Recommendation No. 2
Enhanced, internally focussed leadership capacity is needed for the Rugby department. A full-time High Performance Director - 15s, overseeing the National Men’s 15s team, Rugby Canada Centralized Program, 15s age-grade and pathway, as well as oversee Women’s 15s HP programs.
ACTION: Position description and advertisement have been approved for recruitment of this position ASAP.
Recommendation No. 3
The Rugby Canada Centralised Program (RCCP) must be enhanced with greater coaching/staff and resource capacity, and a greater number of players for the program allowing them to train and play appropriately.
ACTION: Planning meetings have commenced to identify the players for this group, focusing on those that will most likely feature in the October ‘A’ tour, November and January/February Test windows. A group of 26-28 centralised players, plus targeted additions in specific windows of time, most notably March – June will be invited to join the RCCP for September, 2017.
Recommendation No. 4
A full-time Men’s 15s coach, based at Rugby Canada’s Centre of Excellence in Langford, in addition to the Men’s 15s Head Coach, is hired to ensure there is greater attention placed on the Rugby Canada Centralized Program players in the daily training environment.
ACTION: This positon will be the National Academy Head Coach and will coach Canada ‘A’, the Rugby Canada Centralised Program and be a National Senior Men’s 15s team assistant coach.
In addition, Mike Shelley will continue as the RCCP Coordinator and coaching assistant in the increased capacity implemented in April 2017.
Recommendation No. 5
Ensure the best players are available to support the Americas 2 qualification matches versus Uruguay – be they 7s or 15s ‘carded’ at present.
ACTION: Men’s 15s and 7s program coaching staff will meet to review all players for potential selection for the Men’s 15s roster. One-to-one meetings to be conducted with targeted identified 7s players to ensure appropriate player welfare management.
Discussions will be initiated with foreign-based player’s clubs for negotiation of players release for the two qualification matches versus Uruguay.
Recommendation No. 6
The program needs to seek the professional assistance of a qualified and experienced sport psychologist to work with the program in the lead up to the RWC qualifiers.

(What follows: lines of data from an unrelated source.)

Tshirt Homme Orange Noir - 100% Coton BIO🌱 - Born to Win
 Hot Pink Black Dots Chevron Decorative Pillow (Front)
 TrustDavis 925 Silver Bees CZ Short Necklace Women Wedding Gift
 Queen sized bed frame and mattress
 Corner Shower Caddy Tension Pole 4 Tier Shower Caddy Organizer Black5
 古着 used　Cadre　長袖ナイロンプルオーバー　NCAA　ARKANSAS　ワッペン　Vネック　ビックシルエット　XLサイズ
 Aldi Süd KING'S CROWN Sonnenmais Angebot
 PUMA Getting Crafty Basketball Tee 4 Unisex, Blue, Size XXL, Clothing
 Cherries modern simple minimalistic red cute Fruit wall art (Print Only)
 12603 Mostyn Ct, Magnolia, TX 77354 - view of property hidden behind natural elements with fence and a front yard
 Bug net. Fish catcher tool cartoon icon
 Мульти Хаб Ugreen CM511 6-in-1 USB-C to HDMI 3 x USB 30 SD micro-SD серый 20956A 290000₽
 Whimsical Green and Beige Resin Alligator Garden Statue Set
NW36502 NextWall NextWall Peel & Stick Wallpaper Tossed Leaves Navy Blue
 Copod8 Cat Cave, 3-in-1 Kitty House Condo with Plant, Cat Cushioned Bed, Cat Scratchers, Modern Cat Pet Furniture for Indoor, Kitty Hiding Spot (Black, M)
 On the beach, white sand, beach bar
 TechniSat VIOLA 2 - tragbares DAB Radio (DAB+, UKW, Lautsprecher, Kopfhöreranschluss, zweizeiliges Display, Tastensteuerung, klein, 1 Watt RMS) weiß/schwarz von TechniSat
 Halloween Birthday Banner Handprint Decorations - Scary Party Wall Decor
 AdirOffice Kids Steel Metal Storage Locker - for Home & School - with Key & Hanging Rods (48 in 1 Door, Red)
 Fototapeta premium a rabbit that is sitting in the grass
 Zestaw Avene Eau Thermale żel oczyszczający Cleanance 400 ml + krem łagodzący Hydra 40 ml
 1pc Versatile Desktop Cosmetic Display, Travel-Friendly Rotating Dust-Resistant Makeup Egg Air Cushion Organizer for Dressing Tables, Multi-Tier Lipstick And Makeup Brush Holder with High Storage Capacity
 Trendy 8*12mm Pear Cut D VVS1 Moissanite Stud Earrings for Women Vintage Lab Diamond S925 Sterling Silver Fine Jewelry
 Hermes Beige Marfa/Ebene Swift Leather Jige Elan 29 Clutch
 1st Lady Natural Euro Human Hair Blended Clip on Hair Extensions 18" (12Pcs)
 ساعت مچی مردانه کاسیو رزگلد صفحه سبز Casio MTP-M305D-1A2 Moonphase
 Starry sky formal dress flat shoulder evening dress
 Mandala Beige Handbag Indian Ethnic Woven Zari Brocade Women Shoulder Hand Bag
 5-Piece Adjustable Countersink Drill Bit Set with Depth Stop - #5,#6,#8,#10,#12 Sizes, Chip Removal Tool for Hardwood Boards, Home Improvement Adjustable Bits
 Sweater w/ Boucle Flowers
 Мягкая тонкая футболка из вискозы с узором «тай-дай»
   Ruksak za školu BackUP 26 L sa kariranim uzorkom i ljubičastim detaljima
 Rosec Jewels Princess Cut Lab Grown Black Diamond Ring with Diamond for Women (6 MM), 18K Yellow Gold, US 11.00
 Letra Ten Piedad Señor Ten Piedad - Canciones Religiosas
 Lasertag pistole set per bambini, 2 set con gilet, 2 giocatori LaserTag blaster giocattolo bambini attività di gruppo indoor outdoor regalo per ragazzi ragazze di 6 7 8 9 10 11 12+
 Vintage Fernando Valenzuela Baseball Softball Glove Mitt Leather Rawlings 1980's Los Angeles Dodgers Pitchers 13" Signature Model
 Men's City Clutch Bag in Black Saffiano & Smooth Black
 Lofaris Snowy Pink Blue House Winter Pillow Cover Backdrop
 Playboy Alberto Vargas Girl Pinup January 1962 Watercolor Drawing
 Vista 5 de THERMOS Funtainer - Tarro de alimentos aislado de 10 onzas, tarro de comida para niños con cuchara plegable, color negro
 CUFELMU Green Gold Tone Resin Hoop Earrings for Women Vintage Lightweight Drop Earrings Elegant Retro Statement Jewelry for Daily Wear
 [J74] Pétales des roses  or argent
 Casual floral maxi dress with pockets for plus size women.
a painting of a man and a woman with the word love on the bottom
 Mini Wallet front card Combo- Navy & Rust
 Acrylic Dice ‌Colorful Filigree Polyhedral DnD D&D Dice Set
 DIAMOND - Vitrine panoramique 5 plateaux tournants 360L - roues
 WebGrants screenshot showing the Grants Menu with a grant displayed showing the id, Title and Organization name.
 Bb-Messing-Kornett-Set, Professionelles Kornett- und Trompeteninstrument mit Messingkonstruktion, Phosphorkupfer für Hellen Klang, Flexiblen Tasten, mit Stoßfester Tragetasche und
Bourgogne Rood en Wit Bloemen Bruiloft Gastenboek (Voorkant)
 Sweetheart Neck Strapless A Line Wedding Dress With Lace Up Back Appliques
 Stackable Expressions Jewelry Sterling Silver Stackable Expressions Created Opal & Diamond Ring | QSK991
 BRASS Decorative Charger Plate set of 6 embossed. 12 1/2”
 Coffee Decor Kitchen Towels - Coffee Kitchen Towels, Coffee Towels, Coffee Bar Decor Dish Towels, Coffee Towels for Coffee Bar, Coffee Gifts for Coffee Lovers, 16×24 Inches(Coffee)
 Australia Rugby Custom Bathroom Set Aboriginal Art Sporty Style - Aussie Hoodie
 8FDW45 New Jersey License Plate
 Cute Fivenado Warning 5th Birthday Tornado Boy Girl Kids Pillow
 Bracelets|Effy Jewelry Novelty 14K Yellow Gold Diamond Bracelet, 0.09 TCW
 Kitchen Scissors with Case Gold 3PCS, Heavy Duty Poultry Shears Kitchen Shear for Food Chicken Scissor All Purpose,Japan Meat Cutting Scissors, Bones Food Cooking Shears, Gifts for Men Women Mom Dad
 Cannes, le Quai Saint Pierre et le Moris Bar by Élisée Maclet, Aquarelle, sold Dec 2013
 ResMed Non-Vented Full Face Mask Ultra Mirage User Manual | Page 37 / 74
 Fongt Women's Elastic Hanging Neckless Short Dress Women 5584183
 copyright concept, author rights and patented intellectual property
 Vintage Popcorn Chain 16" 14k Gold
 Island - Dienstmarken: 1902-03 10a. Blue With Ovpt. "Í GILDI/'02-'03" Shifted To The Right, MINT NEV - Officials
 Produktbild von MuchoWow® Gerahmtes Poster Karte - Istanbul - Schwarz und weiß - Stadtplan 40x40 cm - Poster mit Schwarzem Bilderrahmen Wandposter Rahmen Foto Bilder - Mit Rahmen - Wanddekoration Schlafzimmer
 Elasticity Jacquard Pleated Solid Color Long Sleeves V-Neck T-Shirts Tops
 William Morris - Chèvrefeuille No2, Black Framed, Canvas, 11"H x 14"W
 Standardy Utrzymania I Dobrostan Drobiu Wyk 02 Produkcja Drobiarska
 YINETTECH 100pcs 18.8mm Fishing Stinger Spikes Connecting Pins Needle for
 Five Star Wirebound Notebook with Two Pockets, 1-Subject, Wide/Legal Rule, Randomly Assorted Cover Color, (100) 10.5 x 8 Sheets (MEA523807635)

ACTION: Request to be made to World Rugby for the services of a qualified sport psychologist on a consultant basis to work with the program, most notably in November 2017 and January/February 2018. Consideration for a resident Sport Psychologist will also be contemplated.
Recommendation No. 7
The National Men’s 15s program requires additional technical staff for critical windows – senior Forwards coach responsible for overall leadership of Forwards play (supported by Mike Shelley – Scrums), additional Backs coach proficient in international test Rugby. One of these people, and/or the Head Coach, need to be highly experienced as a Defence coach. This is an area of ongoing concern that needs consistent support and attention.
ACTION: Roles will be sourced to cover the period through the November 2017 tour, the January/February Uruguay matches and the Americas Rugby Championship. At that time an assessment will be made based on the skill-set and preference of the new Head Coach. The priority is to secure personnel who can support the team until RWC2019.
Recommendation No. 8
A change in the National Men’s 15s Head Coach position to be taken with immediate effect. An interim Head Coach is to be identified and put in place until the time a suitable full-time Head Coach can be hired.
ACTION: The National Men’s 15s Head Coach has been released from his position.
Recruitment of this position will be initiated ASAP, in conjunction with World Rugby.